$\left(a^2+b^2\right)\left(c^2+d^2\right)=\left((a-b)^2+2ab\right)\left((c-d)^2+2cd\right)\ge 2\sqrt{(a-b)^2\cdot 2ab}\cdot 2\sqrt{(c-d)^2\cdot 2cd}=8\sqrt{abcd}|(a-b)(c-d)|$

Victoria_Discalceata1 wrote: $\left(a^2+b^2\right)\left(c^2+d^2\right)=\left((a-b)^2+2ab\right)\left((c-d)^2+2cd\right)\ge 2\sqrt{(a-b)^2\cdot 2ab}\cdot 2\sqrt{(c-d)^2\cdot 2cd}=8\sqrt{abcd}|(a-b)(c-d)|$ How did you come up with such a wonderful idea?

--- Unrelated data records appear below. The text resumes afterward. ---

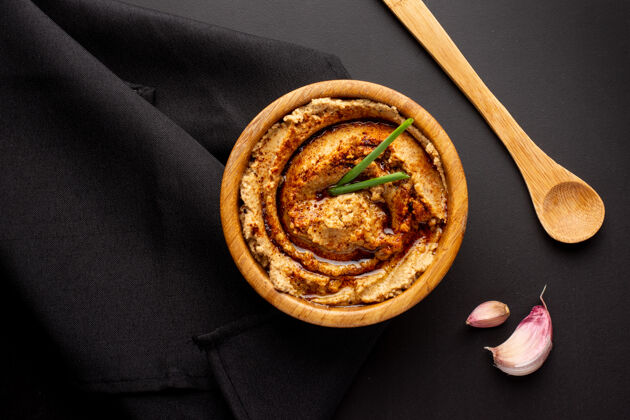 传统头顶拍摄的鹰嘴豆泥在一个木碗里 木勺和大蒜片放在黑桌子上素食配料碗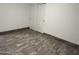 Bedroom with hardwood floors and closet at 5338 W Wolf St, Phoenix, AZ 85031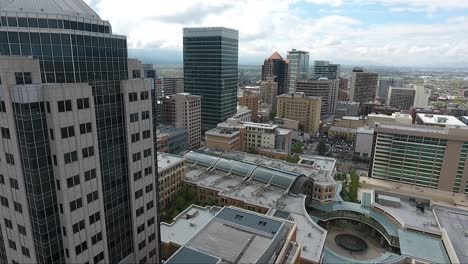 a drone captures aerial footage of downtown salt lake city buildings and skyscrapers flying southeast over the city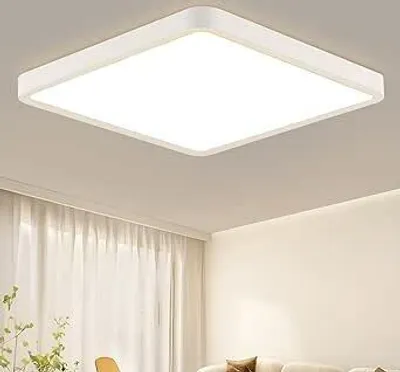 A square LED ceiling light is mounted on a white ceiling, with sheer white curtains visible in the background.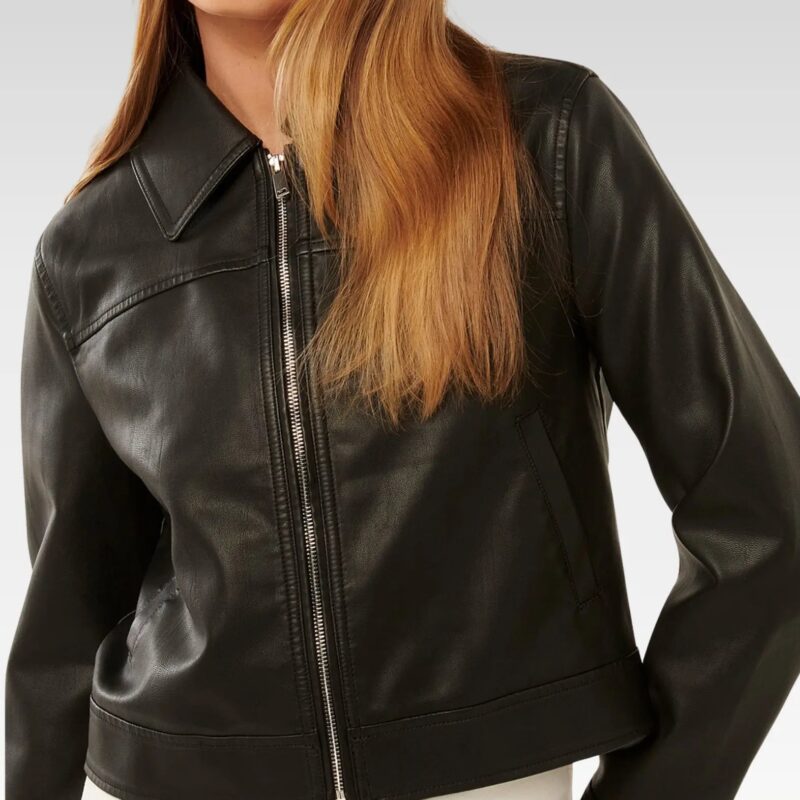 Side profile view of woman in black collared leather jacket with zip-up front, demonstrating the flattering regular fit and premium leather texture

MS_Kekas wrote: For any positive real numbers $a, b, c, d$, prove the following inequality: $$(a^2+b^2)(b^2+c^2)(c^2+d^2)(d^2+a^2) \geq 64abcd|(a-b)(b-c)(c-d)(d-a)|$$Proposed by Anton Trygub Generalization of ytChen : For any positive real numbers $a, b, c, d$, prove the following inequality:$$\prod_{i=1}^n\left(a_i^2+a_{i+1}^2\right) \ge \left(2\sqrt2\right)^n \prod_{i=1}^na_i\cdot\left| \prod_{i=1}^n(a_i-a_{i+1})\right|,$$where $a_{n+1}=a_1$.

sqing wrote: MS_Kekas wrote: For any positive real numbers $a, b, c, d$, prove the following inequality: $$(a^2+b^2)(b^2+c^2)(c^2+d^2)(d^2+a^2) \geq 64abcd|(a-b)(b-c)(c-d)(d-a)|$$Proposed by Anton Trygub Generalization of ytChen : For any positive real numbers $a, b, c, d$, prove the following inequality:$$\prod_{i=1}^n\left(a_i^2+a_{i+1}^2\right) \ge \left(2\sqrt2\right)^n \prod_{i=1}^na_i\cdot\left| \prod_{i=1}^n(a_i-a_{i+1})\right|,$$where $a_{n+1}=a_1$. Note that $$a_i^2+a_{i+1}^2 = (a_i-a_{i+1})^2+2a_i a_{i+1} \stackrel{\text{AM-GM}}{\geq} 2\sqrt{2a_i a_{i+1}}\cdot\left|a_i-a_{i+1}\right|$$$$\implies \prod_{i=1}^n (a_i^2+a_{i+1}^2)\geq \prod_{i=1}^n 2\sqrt{2a_i a_{i+1}}\cdot\left|a_i-a_{i+1}\right| = \prod_{i=1}^n 2\sqrt2 \cdot \prod_{i=1}^n \sqrt{a_ia_{i+1}} \cdot \prod_{i=1}^n \left|a_i-a_{i+1}\right|= \left(2\sqrt2\right)^n \prod_{i=1}^n a_i \cdot \left|\prod_{i=1}^n (a_i-a_{i+1})\right|.\ \square$$